Sonhos despenteados

quarta-feira, 25 de março de 2009 às 22:14
Era sempre o mesmo sonho. Ela correndo. Correndo. Correndo. Correndo. Às vezes era dia, com o sol forte queimando os ombros, cegando a vista. Noutras, era noite, na escuridão dos becos e esquinas sujos que ela passava. Mas estava sempre correndo. Eufórica, medrosa. Tropeçava nos próprios pés ao olhar pra trás. Olhava e não via ninguém. Mas fugia. Sempre. O medo no rosto, a esperança nos pés.

Fechou os olhos. Cansada da madrugada alta. O descanso merecido. E o sonho começou. Novamente os pés em movimento, ela corria. Já conhecia bem as ruas, as casas, suas feições agitadas, o cansaço. Não entendia porquê sempre o mesmo sonho. Não entendia porquê sempre correndo, sempre fugindo. Não entendia de onde vinha, pra onde ia, de quem se escondia.

Antes de acordar, lá no final da rua já tão lembrada, ela viu. Não estava fugindo. Estava buscando. E bem lá no fim, de braços abertos, com o sorriso maior que existe no mundo, com uma blusa preta com uma coroa dourada na frente, uma guitarra nas costas, cachos pretos penteados e um coração transbordando carinho, estava ele. Era ele quem a esperava. Era ele por quem ela ansiava nos passos fortes das suas corridas. Era pra ele que ela percorreu todo o percurso do medo, da fuga. Para se encontrar. Para o encontrar. Para chegar. E chegou. Destino final: o abraço eterno.


“Tenho um amor fresco e com gosto de chuva e raios e urgências. Tenho um amor que me veio pronto, assim, água que caiu de repente, nuvem que não passa. Me escorrem desejos pelo rosto pelo corpo. Um amor susto. Um amor raio trovão fazendo barulho. Me bagunça.
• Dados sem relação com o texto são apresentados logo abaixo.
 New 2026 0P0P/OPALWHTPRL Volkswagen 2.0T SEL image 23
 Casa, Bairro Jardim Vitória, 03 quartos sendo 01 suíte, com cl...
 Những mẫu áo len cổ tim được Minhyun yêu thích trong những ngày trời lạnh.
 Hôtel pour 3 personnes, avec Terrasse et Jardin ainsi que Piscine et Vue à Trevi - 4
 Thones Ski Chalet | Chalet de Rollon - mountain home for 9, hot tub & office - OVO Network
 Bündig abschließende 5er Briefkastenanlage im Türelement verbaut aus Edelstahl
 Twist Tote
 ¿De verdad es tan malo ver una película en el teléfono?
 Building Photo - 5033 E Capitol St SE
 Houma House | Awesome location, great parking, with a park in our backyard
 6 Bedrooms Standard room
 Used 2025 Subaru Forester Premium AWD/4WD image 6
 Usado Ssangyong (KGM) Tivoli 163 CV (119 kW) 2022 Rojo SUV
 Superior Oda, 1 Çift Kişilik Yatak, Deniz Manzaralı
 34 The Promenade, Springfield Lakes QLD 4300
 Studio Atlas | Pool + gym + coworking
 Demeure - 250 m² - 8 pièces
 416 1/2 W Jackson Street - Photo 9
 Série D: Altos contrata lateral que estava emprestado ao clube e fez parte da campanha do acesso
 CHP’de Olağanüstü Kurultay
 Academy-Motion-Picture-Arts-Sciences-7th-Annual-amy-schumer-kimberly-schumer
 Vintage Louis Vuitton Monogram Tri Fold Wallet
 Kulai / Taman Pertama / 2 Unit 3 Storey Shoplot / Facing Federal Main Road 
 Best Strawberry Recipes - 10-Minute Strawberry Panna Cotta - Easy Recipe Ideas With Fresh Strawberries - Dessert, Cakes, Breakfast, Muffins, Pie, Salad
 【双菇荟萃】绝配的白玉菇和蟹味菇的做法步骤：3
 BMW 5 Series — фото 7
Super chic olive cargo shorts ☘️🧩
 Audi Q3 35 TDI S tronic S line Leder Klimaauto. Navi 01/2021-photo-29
E chove em mim todos os dias.” [ Caio Fernando Abreu ]

1 Responses to Sonhos despenteados

  1. Anônimo Says:

    do outro lado da rua o calor e o cheiro óleo diesel castigavam. havia mais que a espera, havia a ansia. vontade desmedida daquele short xadrez, da madrugada de choro cumplice e redentor. havia alí naquele olhar, margiado de sorriso, a espera de um abraço, de um calor corpóreo nas tardes intermináveis debaixo da água do banho. havia a vontade do silêncio forçado das noites segredosas.
    o cheiro do mar lhe impressionava toda a vez que ela pisava ali, muito longe da praia. a cor do sol, do mel, da rede balançando em tardes preguiçosas lá de longe. eram feitos um para o outro. o mar e o céu. totalmente distintos, por natureza. mas onde um terminava, o outro vinha azul brilhante clareado em raios de sol.